Sul lato innovazione il 2026 sorride, lato portafoglio la situazione è più complessa. Una combinazione di fattori sta portando a quello che gli analisti definiscono il “RAMaggedon”: un’impennata dei costi dei componenti che sta frenando l’entusiasmo per i nuovi acquisti.
L’intelligenza artificiale “mangia” la DRAM
Il colpevole principale è l’espansione dei data center per l’IA generativa.
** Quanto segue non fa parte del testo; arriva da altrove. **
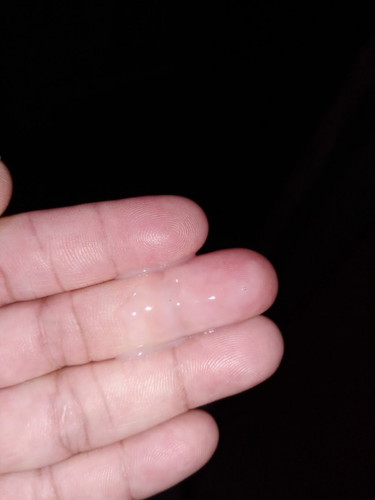 มีน้ำสีขาวขุ่นไหลตลอดเลยค่ะไหลมาเป็นอาทิตแล้วจะเป็นอัตรายมั้ยค่ะ36วิคค่ะ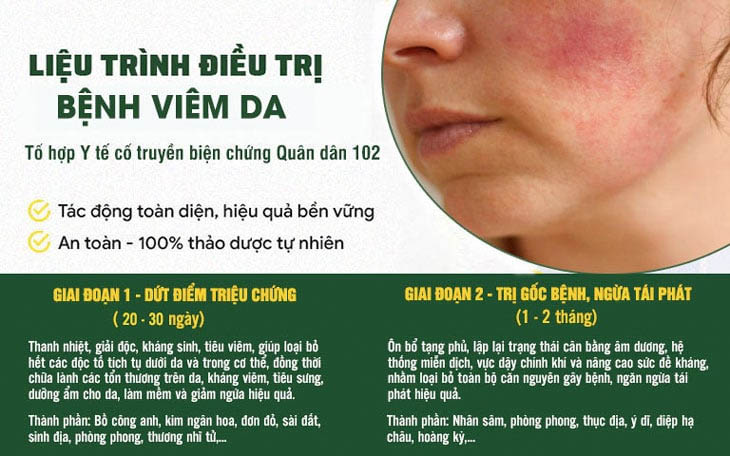 Phác đồ điều trị viêm da theo 2 giai đoạn tại Quân Dân 102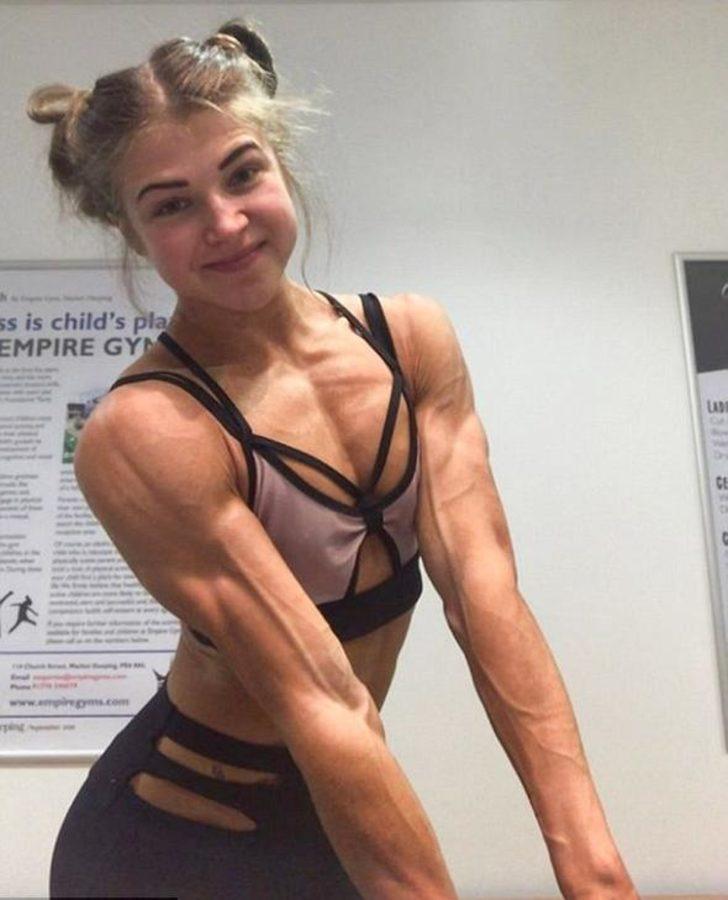 Anoreksiya hastasıydı, vücut geliştirme şampiyonu oldu!  G4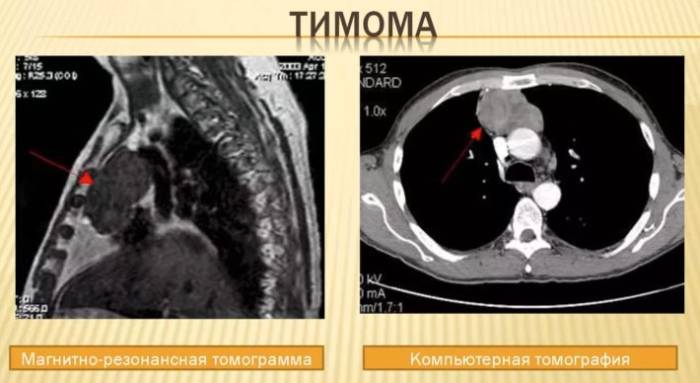 6 рак вилочковой железы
I giganti del cloud stanno acquistando massicciamente memorie HBM e DDR5, togliendo ossigeno alla produzione destinata ai PC consumer.
- Prezzi alle stelle: Un kit da 64GB di DDR5-6000 ha toccato a febbraio 2026 prezzi vicini ai 600€, rendendo proibitivo l’assemblaggio di PC desktop di fascia alta.
- Laptop più cari: Produttori come HP e Lenovo hanno confermato che i costi delle memorie (DRAM e NAND) rappresentano ormai il 35% del costo totale di un notebook, contro il tradizionale 18%.
Il paradosso delle GPU
Anche il mercato delle schede video ne risente. NVIDIA e AMD hanno rivisto al rialzo i prezzi delle serie RTX 50 e RX 8000 (appena lanciate) del 10-15%. Molti utenti stanno posticipando l’aggiornamento del sistema, preferendo ottimizzare l’hardware attuale tramite software di upscaling o rivolgendosi al mercato dell’usato per le memorie, che paradossalmente tengono meglio il valore rispetto al passato.
In sintesi: cosa conviene fare?
Se hai bisogno di un laptop per lavoro che duri molti anni, i nuovi Intel Core Ultra Serie 3 (o i rivali AMD Ryzen AI 400) offrono un salto di qualità netto. Se invece stai pensando di assemblare un PC gaming fisso, il consiglio attuale è di attendere il secondo trimestre sperando in una stabilizzazione dei prezzi delle memorie.